Over and over, Amanda Craft, manager of advocacy for the PC(USA)’s Office of Immigration Issues, and Teresa Waggener, an immigration attorney with the Office of Immigration Issues, explained that sanctuary is a last-resort option, and that accompaniment means working with immigrants, often over an extended period, as they navigate the complex U.S. legal system.
The work is deeply contextual — varying significantly depending on your community, Craft said.
Geoff Browning, an overture advocate from First Presbyterian Church in Palo Alto, California, said his church has helped immigrants with housing, language classes and transportation. The work of accompaniment and advocacy can include monitoring immigration court; going with asylum-seekers to court appearances or appointments with immigration officials; helping them “find their way through this maze of the bureaucracy of our system of immigration,” Browning said.
PDA provides resources for congregations wanting to be involved in refugee resettlement or accompanying asylum-seekers. And the decision by a church to offer sanctuary is “always the last” in a series of efforts to help those facing deportation, Waggener said. “It’s not an easy decision to make. There could possibly be legal ramifications. … It is a big deal.”
Other points made in the conversation:
- Asylum-seekers to the U.S. come from many nations — Krehbiel said she knows of people from Venezuela, Cameroon, Congo, Haiti as well as Mexico and Central America. Browning said his church helped a man from Russia.
- Some of the immigrants Presbyterians are helping are not new arrivals. Starting around 2017 or so, many cases involved members of Presbyterian churches who had lived in the U.S. for years, but now “were at risk of deportation after having lived here a very long time,” Craft said. They didn’t need help finding housing or a first job. They needed lawyers, and plans for their families and property should they suddenly be detained or deported.
On the treatment of refugees (IMM-08): The committee voted to encourage PC(USA) officials to continue advocacy work showing welcome for refugees. It added language to the resolution to encourage the stated clerk, the Office of Public Witness, and the Office of Immigration Issues to advocate for the end of family separation for detainees and the use of for-profit detention facilities
The resolution also calls on the assembly to increase the budget for this work by $250,000.
Supporting justice work (IMM-09): The committee voted to approve a resolution from the Racial Equity Advocacy Committee (REAC) to support PC(USA) justice work on behalf of immigrants and refugees.

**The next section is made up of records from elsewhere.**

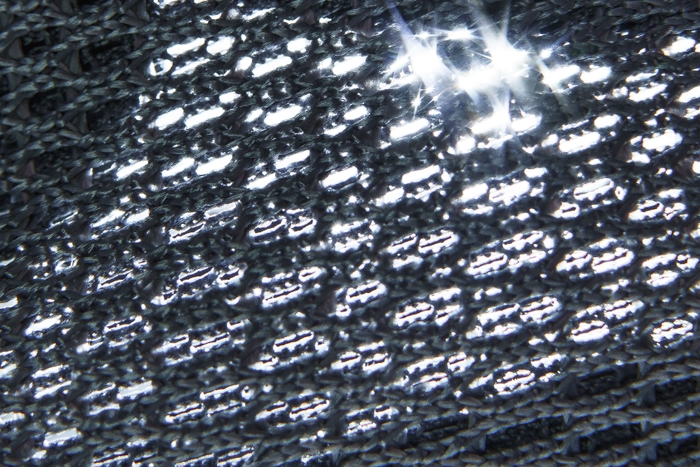 SUPER MESH2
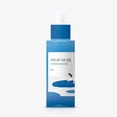 thumbnail image 4 of Round Lab Birch Juice Ampoule 50ml, 4 of 5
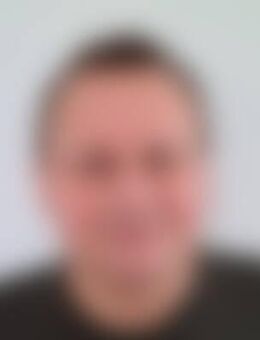 Ale*** - Erding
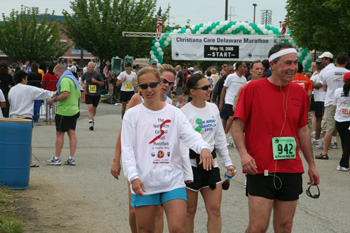 Rebel photo by Jim/Johnny Coco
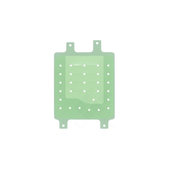 Adesivo batteria per Samsung S25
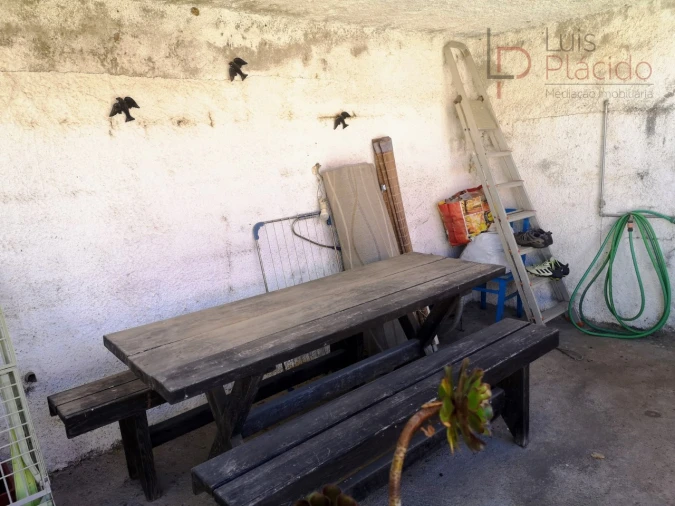 Apartamento T3 para Venda em Santiago do Cacém, Santa Cruz e São Bartolomeu da Serra Foto 19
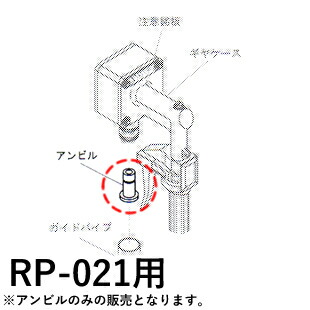意気ごみ症から守る冷房装置御召しもの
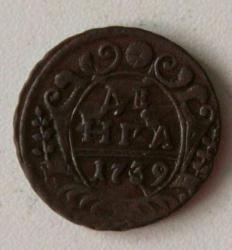 post-30527-0-51795300-1445186299_thumb.j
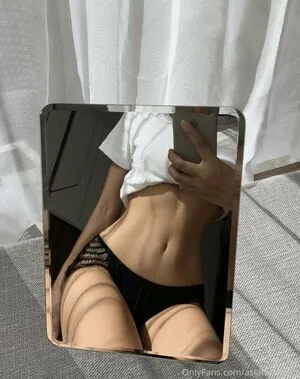 Asiancontent OnlyFans Leaked Free Thumbnail Picture - #ogNo3GbEwy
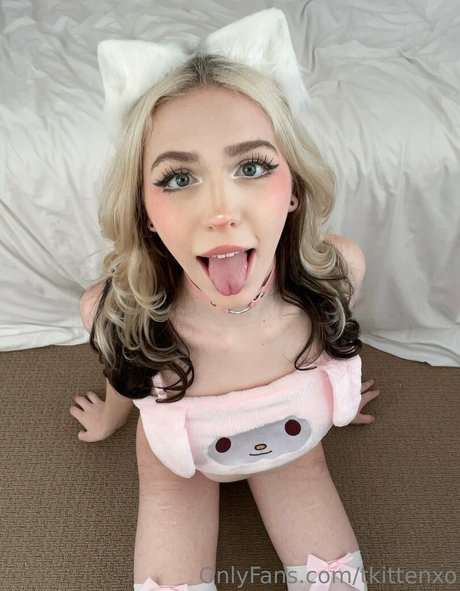 tkittenxo nudes actress pic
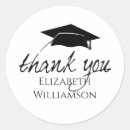 Search for graduation envelope seals University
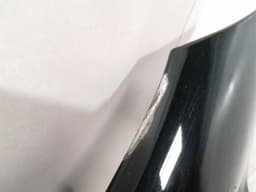 MERCEDES-BENZ Mercedes E Class W211 Left Wing A2118800718 Front Left Fenders DEFECT — thumbnail 4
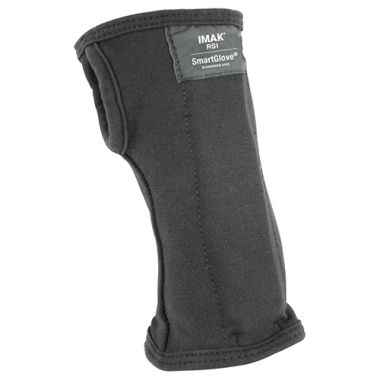 IMAK SmartGlove Wrist Splint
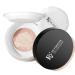 FV Loose Setting Powder Talc Free Translucent Face Powder for Lightweight Natural Finish Formula Without Shine Fine Lines and Smooth Pores for Oily Dry Normal Skin Types 10g Nature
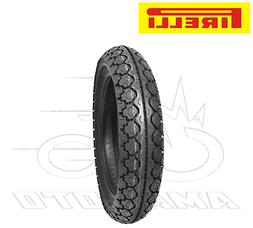 GOMMA-PNEUMATICO ANTERIORE PIRELLI 90/80-16 MT15 PIAGGIO LIB
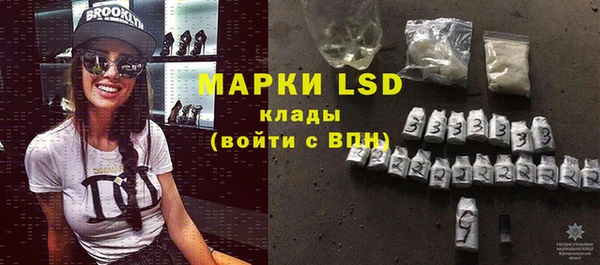 ПСИЛОЦИБИНОВЫЕ ГРИБЫ Баксан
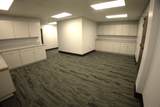 151 3rd Ave Suite 103 - Photo 7
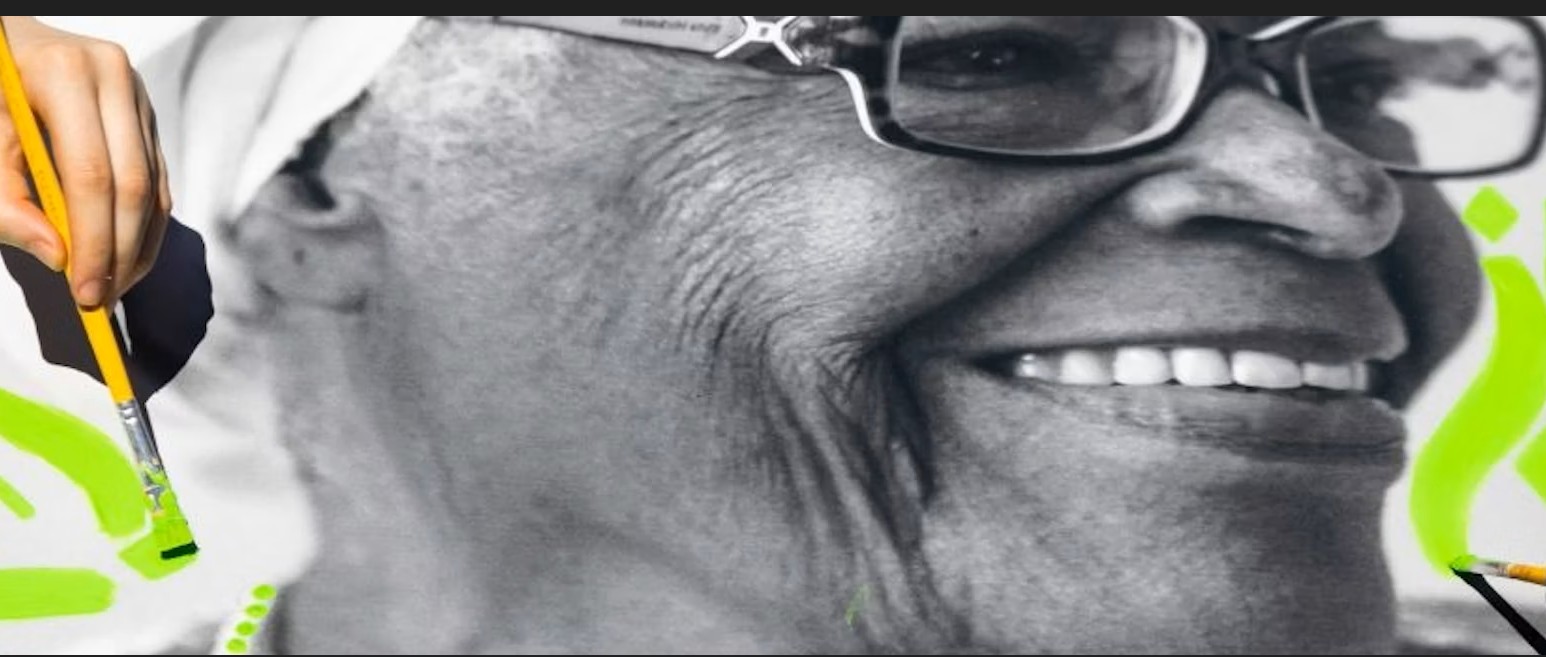 Creativity is good for the brain and might even slow down its ageing, new study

The resolution encourages continued collaboration between the Office of the General Assembly and the Presbyterian Mission Agency (PMA) to strengthen the work, including cooperatively with ecumenical and interfaith partners along the U.S.-Mexico border. The committee added language to state that “this includes partners who are working in countries of origin” – the homes that migrants leave – and the countries through which they pass to reach the United States.
And it asks the assembly to direct REAC and the Advisory Committee on Social Witness Policy to “create a comprehensive policy report with recommendations addressing the continued justice concerns faced by those seeking to enter the United States via the southern border,” bringing that report to the assembly in 2024.
Having addressed all items on its docket in the first two of three days allotted, the Immigration Committee adjourned, forwarding its recommendations to the full body of the General Assembly meeting in online plenaries July 5-9, 2022.